Curious cinephiles, avid Tarantino fans and assorted Hollywood types filled the 1.600 seats of the historic, newly restored United Artists Theater in Los Angeles and broke into wild cheers when the director came on stage to present what was billed as the first and last-ever performance of Eight. It quickly became apparent from Tarantino’s introduction however that the director has not quite completely abandoned plans to shoot the film. “This is the first draft” said a customarily animated Tarantino, “I’m working on the second and I fully expect there to be a third draft”. To wild applause he then introduced the cast of the reading presenting them as the “Tarantino Superstars”, including Kurt Russell, Samuel L. Jackson, Michael Madsen, Tim Roth and Bruce Dern who took places on the chairs which were the only props on the stage. Then Tarantino set the stage for Scene 1 asking the audience to imagine a “glorious 70mm vista”, a vast expanse of snowy winter Wyoming landscape traversed by a stagecoach. The horse-drawn coach is carrying two passengers: Kurt Russell’s hardened bounty hunter and the female prisoner shackled to his wrist that he intends to deliver to the gallows in the town of Red Rock. Soon the party meets a third passenger, a fellow-bounty hunter (Samuel Jackson) who still wears the uniform of the Union cavalry, in which he served during the Civil War. Overtaken by a blizzard, the group takes refuge in the remote outpost known as Millie’s Haberdashery where they are received by an unlikely Frenchman named Bob. This
is the main location for the film, as the bounty hunters meet up with more characters including an old Confederate general (Dern), the town executioner (Roth) and a taciturn cowboy (Madsen).
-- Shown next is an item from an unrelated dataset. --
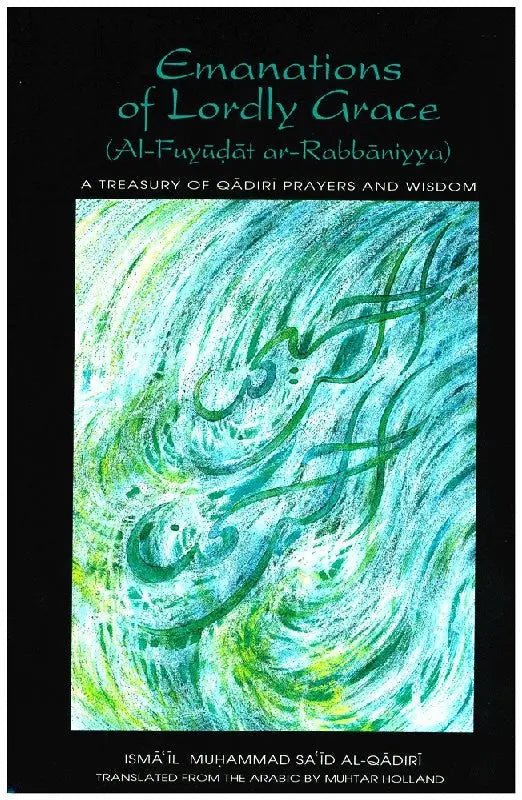 Emanations of Lordly Grace (al-Fuyudat ar-Rabbaniyya) Published by ...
Characteristic rapid-fire Tarantino dialogue ensues as tensions rise. Parallels with Django Unchained, Tarantino’s previous western, are obvious, however, the tone of Eight is also reminiscent of Death Proof (Zoe Bell was also on hand for the reading) as well as the tavern scene from Inglorious Basterds. Like in those films, foul language and violence are also on abundant display signaling that Tarantino has no apparent intention of defusing the controversies that so often follow his work. Standing at a lectern stage right, reading scene descriptions, inserting classic film references and occasionally directly engaging the audience Tarantino was as much a character in the read as any of the actors, leaving no doubt of who was in complete control (at one point he admonished the performers to abstain from improvising: “No co-writing, please!”).
All in all it was a thoroughly entertaining evening of tarantiniana that left fans satisfied as well as even more impatient to one day see the actual movie.